### Problem to work on
Everything from the line containing "used 2024 Ram" through the last line of the data below is to be retyped exactly, apart from the pictures.

### Stored data
☆ ☆ ☆ ☆ ☆

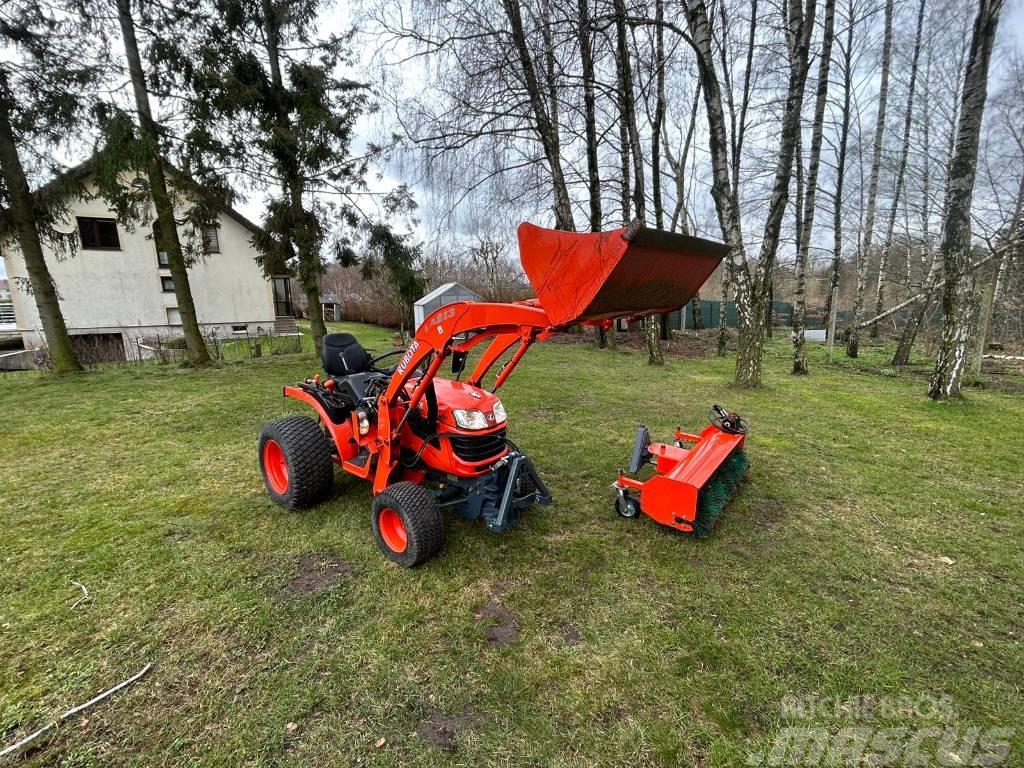Kubota B 1820/zarejestrowany/200mth/stan idealny Manji traktori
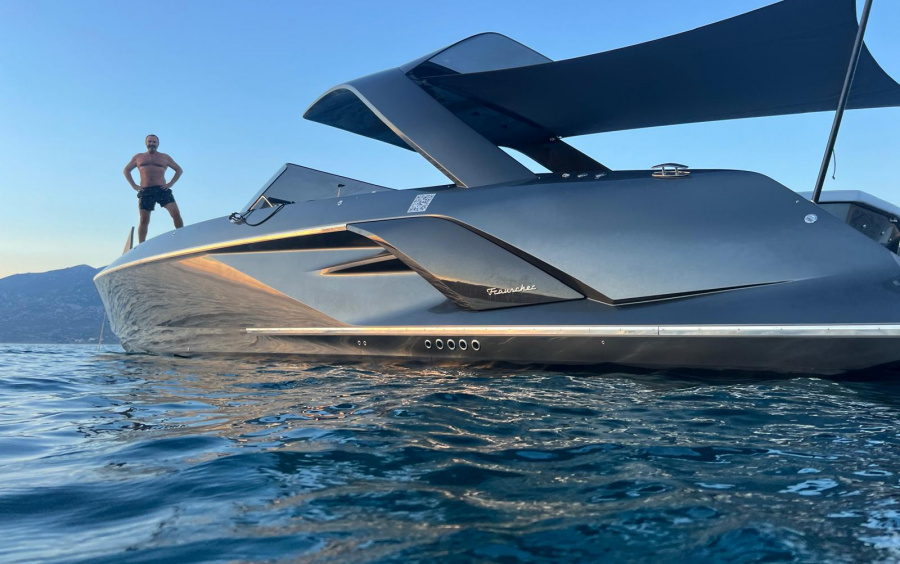 Frauscher 1414 Demon фото 1.28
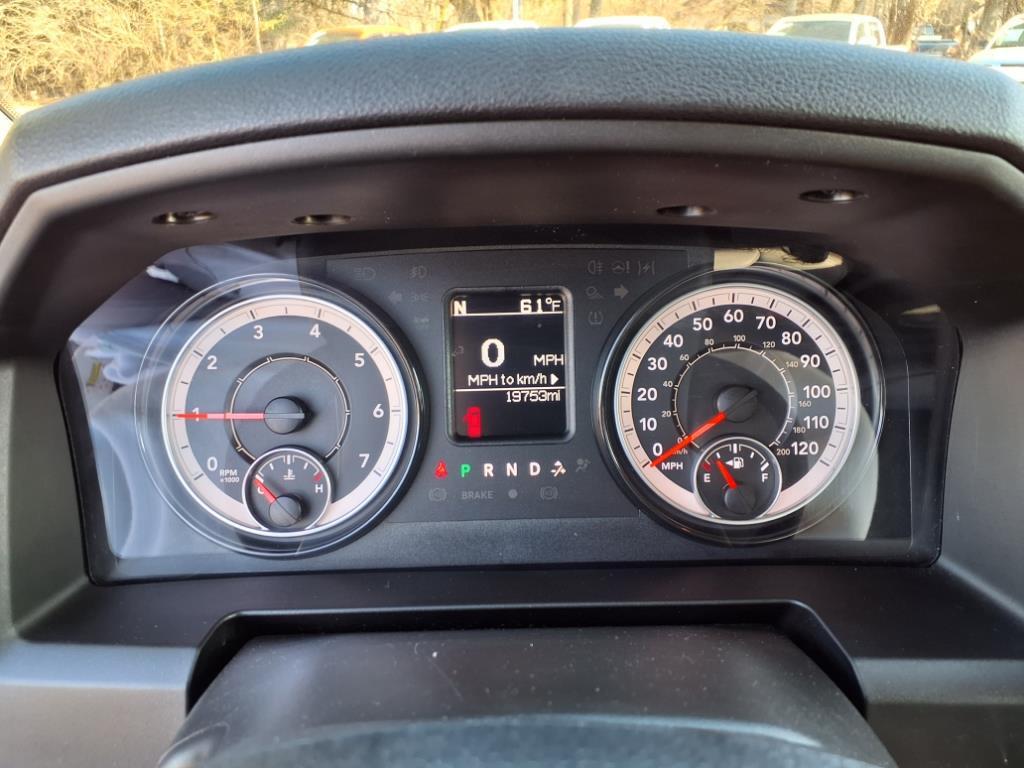 used 2024 Ram 1500 Classic car, priced at $30,955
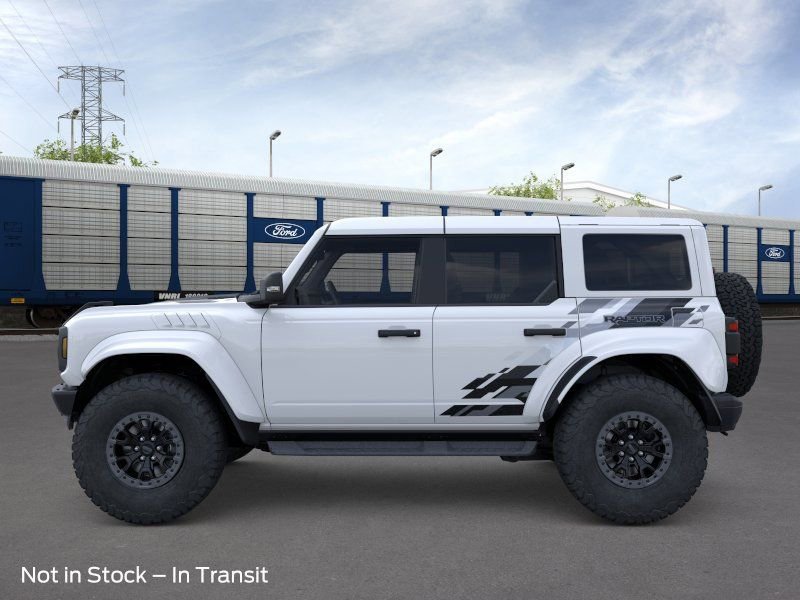 New 2026 Ford Bronco Raptor AWD/4WD image 3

☆ ☆ ☆ ☆ ☆

### Reply to the exercise
 used 2024 Ram 1500 Classic car, priced at $30,955
 New 2026 Ford Bronco Raptor AWD/4WD image 3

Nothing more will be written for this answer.